攻守両面で全部パーフェクト? インテルを作り上げたインザーギは現代を代表する名将の仲間入りを果たした

インテルを指揮するインザーギ photo/Getty Images

現在のインテルには隙がない

セリエAでは首位を走り、先日行われたチャンピオンズリーグ決勝トーナメント1回戦1stレグではアトレティコ・マドリードを1-0で撃破するなど、今のインテルはかなりの強さだ。

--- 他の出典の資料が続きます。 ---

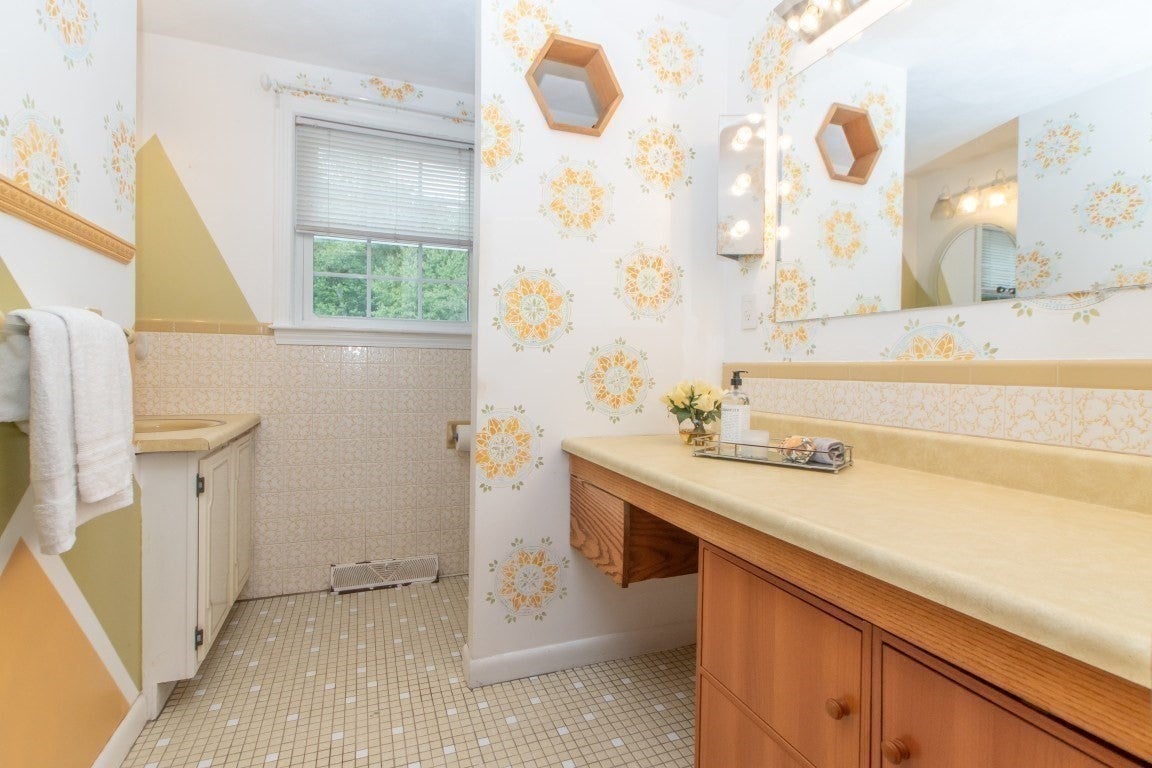 15 Marrett Rd, Burlington, MA, 15 Marrett Rd, Burlington, MA Photo #17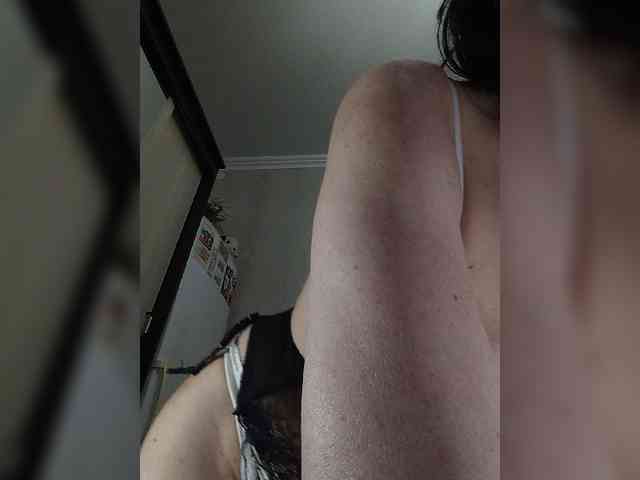 Lilya18 webcam
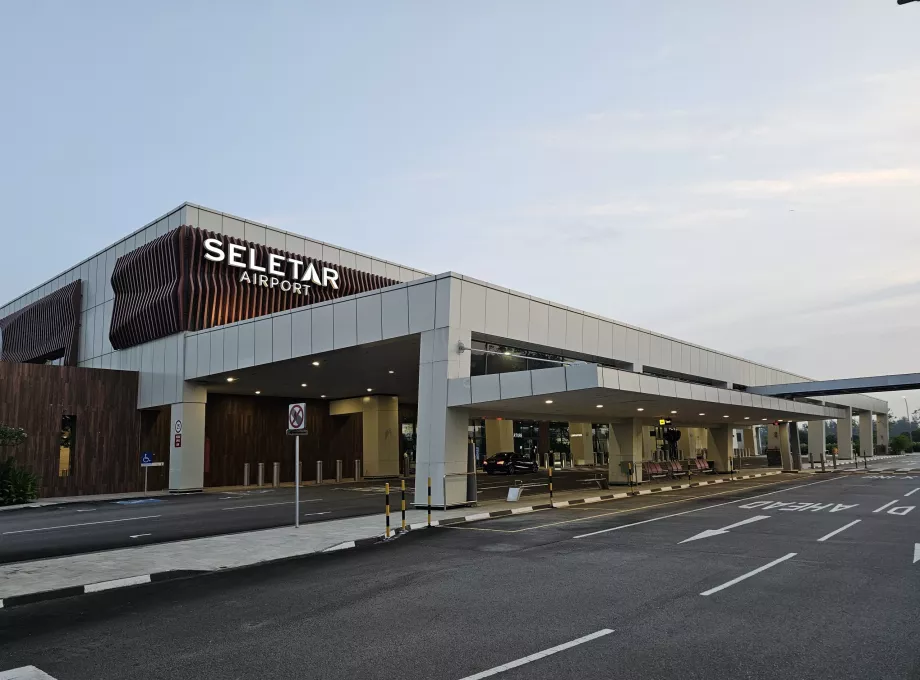 Ankunft am Flughafen Seletar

チームを作り上げたのは、2021年より指揮官を務めるシモーネ・インザーギだ。[3-5-2]のシステムをベースに攻守両面で特長的なチームに仕上げているが、伊『Gazzetta dello Sport』はジャンル分けの難しい指揮官とインザーギのことを紹介している。

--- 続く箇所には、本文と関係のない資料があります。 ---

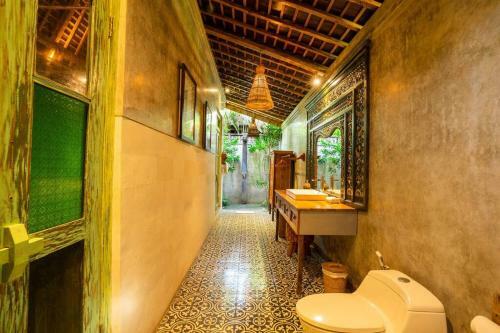 Villa Romantic Balinese Gem, Walk To Beach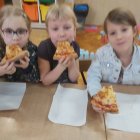 Międzynarodowy Dzień Pizzy w Przedszkolu w Szarowie.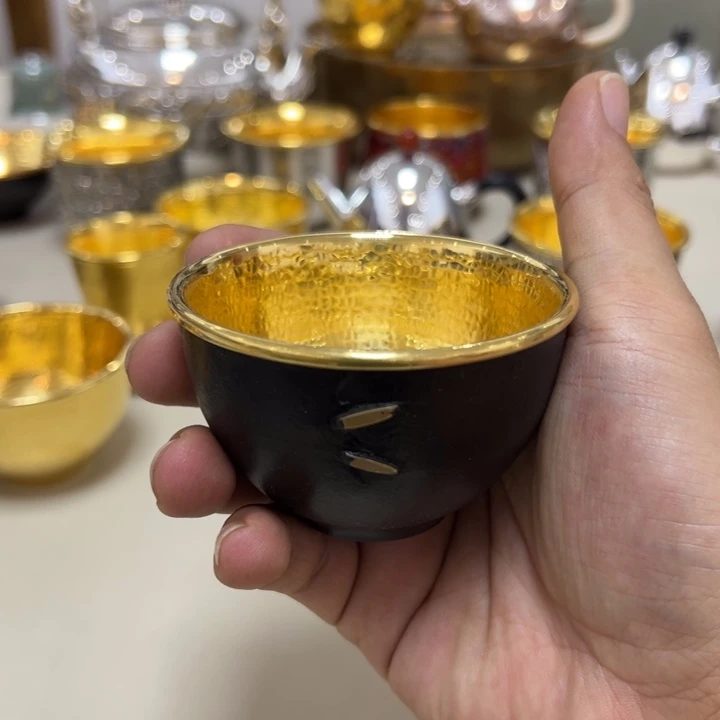 李小鹤铁胎锻金足金2克金杯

現代ではジョゼップ・グアルディオラ、ゲーゲンプレッシングが代名詞とされてきたユルゲン・クロップなど、時代を作ってきた指揮官がいる。インザーギはグアルディオラやクロップとは異なる哲学で、やや地味な印象もあるかもしれない。それでも指導力は高く、同メディアもその手腕を絶賛する。
インテルは今季リーグ戦で失点をリーグ最少の12失点に抑えているが、自陣深く引いて守るばかりではない。常にカウンターの機会をうかがっていて、守備の姿勢もアグレッシブだ。また高い位置でボールを回収できなかった場合は、自陣に5バックを作って粘り強く守ることもできる。

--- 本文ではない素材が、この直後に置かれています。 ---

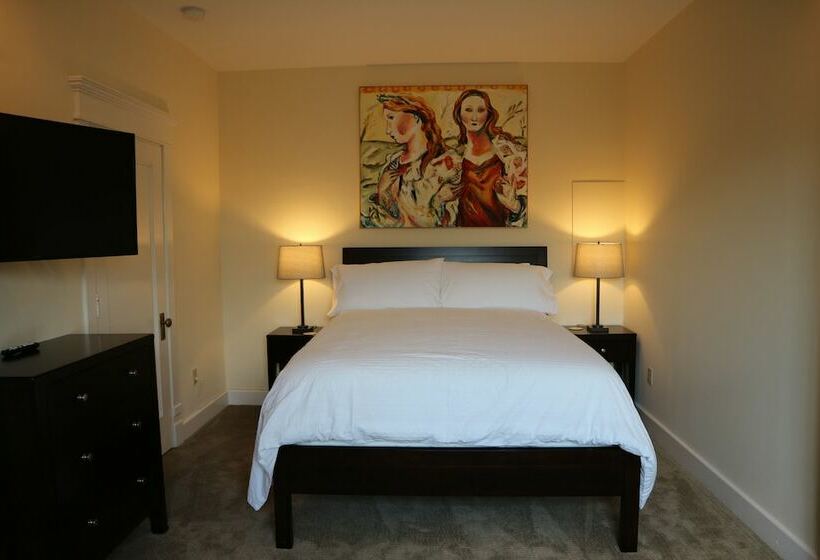 Отель Tawsty Flower   Haines Suites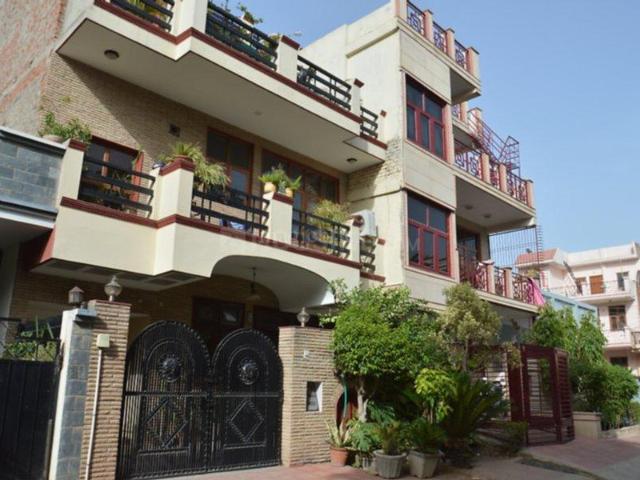 1 BHK Independent House in Sector 5 for rent Gurgaon. The reference number is 19940705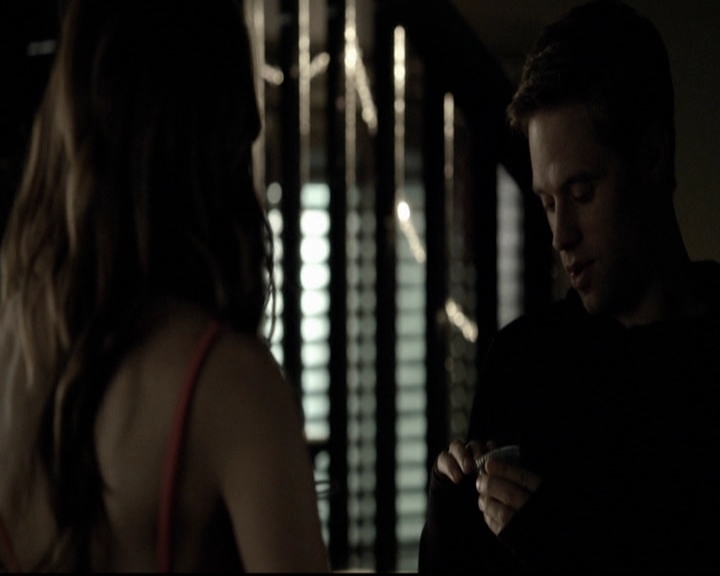 VampireDiariesWorld-dot-org_5x08DeadManOnCampus1441.jpg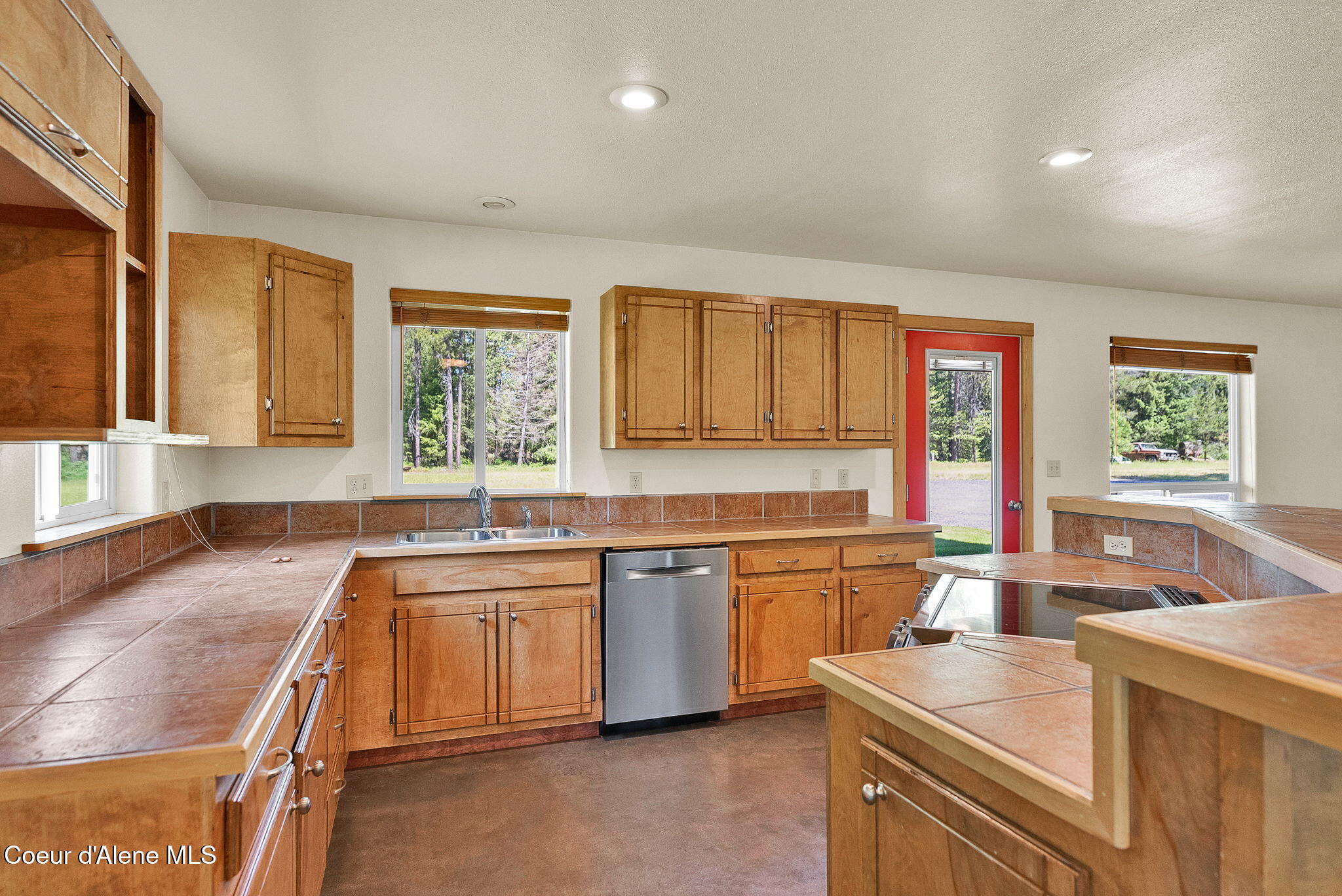 551 Star Road Moyie Springs, ID 83845 - Photo 9 of 85 7-web-or-mls-SkyLight - Star (JG)-22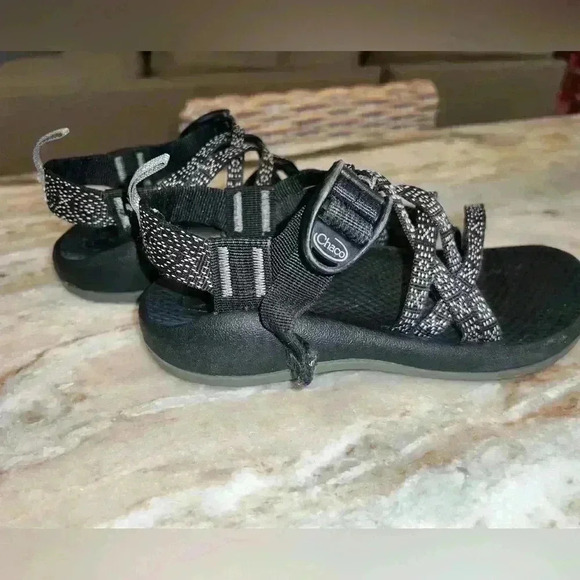 Kids CHACO ZX/1 ECOTREAD SANDAL- Hugs & Kisses pattern. Size 2 - Picture 8 of 8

攻撃面では、ビルドアップの部分も洗練されている。インザーギは足下の技術が高い選手を好んでいて、今のインテルはGKヤン・ゾマーから攻撃を組み立てられる。アトレティコ戦でもゾマーから始まり、左サイドへ展開したところからフェデリコ・ディマルコが最前線のマルコ・アルナウトビッチに見事なクロスを通したプレイがあったが、この組み立ての精度は今のセリエAでも群を抜いている。

3年目とはいえ、攻守両面でここまでバランスの良いチームを作り上げた手腕は絶賛されるべきだろう。インザーギといえばこの戦術といった代名詞的なものはないかもしれないが、インザーギもまた現代を代表する名将の1人と言っていいはずだ。